Que a eleição de Barack Obama nos EUA trouxe diversos benefícios à aldeia global democrática, disto ninguém tem dúvidas. Agora, verdade seja dita, o fenômeno do “Yes, We Can.” foi talvez o maior movimento de espetacularização da política já visto na história da humanidade. Situação que, de fato, tem lá seus benefícios, mas, quando aplicada a uma adolescente democracia como a que vivemos no Brasil, pode trazer mais erros do que acertos ao processo decisório dos cidadãos.
Um bom exemplo disso é a candidatura de Marina Silva (PV-AC) à Presidência da República. A então militante histórica do PT, por duas vezes Senadora pelo Acre e Ministra do Meio-Ambiente do Governo Lula até 2008 (se não me engano), é reconhecida internacionalmente por sua luta pela preservação ambiental e pela adoção de uma economia sustentável nos países em desenvolvimento. Sua candidatura foi recebida com festa pela comunidade internacional, que inclusive citou-a como uma das 100 coisas para observar em 2010.
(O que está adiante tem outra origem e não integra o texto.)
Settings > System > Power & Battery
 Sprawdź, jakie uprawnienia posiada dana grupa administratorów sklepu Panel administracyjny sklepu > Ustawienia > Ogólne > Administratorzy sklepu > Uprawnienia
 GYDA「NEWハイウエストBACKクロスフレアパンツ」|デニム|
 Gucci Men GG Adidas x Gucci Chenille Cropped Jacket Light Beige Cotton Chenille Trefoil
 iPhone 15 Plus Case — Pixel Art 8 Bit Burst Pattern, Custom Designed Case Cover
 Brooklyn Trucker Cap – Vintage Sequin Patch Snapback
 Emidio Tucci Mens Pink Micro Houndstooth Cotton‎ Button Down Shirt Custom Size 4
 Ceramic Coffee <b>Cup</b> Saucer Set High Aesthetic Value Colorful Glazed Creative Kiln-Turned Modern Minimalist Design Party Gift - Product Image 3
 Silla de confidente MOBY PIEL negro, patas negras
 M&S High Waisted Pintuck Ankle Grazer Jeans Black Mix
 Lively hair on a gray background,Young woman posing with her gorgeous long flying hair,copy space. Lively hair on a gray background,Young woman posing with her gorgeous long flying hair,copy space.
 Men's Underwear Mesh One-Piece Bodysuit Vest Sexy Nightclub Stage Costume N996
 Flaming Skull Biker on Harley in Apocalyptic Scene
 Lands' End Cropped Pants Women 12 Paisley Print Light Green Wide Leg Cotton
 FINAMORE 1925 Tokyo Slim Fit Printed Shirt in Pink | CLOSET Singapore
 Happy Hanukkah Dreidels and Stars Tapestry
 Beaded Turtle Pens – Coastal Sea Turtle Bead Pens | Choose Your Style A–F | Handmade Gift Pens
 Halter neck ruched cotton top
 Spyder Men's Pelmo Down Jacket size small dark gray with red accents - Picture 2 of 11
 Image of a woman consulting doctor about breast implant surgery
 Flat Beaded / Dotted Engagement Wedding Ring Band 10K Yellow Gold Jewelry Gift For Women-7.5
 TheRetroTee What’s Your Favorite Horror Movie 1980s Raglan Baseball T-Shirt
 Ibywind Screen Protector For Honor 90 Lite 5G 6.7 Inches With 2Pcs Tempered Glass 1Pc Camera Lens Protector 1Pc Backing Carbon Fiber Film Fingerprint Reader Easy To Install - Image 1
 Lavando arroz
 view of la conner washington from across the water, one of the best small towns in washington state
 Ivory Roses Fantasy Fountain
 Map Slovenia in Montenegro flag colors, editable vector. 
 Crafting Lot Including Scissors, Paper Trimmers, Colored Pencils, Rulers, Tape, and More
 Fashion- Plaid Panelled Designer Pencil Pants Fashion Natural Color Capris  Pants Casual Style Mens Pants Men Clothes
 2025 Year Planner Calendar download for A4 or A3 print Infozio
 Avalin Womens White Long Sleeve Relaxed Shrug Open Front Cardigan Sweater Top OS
No entanto, o discurso hype, aliado a um passado sofrido de lutas em favor dos menos favorecidos, fazem de Marina um sujeito político altamente vulnerável à espetacularização, tal qual observamos na primeira eleição de Lula em 2002. O anúncio da equipe de comunicação responsável pela condução da campanha, que tem dentre seus integrantes o premiado cineasta brasileiro Fernando Meirelles, era o ingrediente que faltava para assistirmos a mais uma campanha onde a forma, muito provavelmente, prevalecerá sobre o conteúdo. Nada que não tenhamos visto antes em política – principalmente no Brasil – mas que, no caso de Marina Silva, é uma verdadeira lástima.
Num cenário político onde o discurso de uma terceira via poderia vingar ante uma polarização concentrada em dois candidatos imageticamente inexpressivos, a iminente espetacularização da campanha de Marina é um desperdício o qual não iremos recuperar em muitos anos. Oxalá eu esteja errado e a mensagem, ainda que devidamente floreada, seja absorvida e promovida pela maioria dos brasileiros.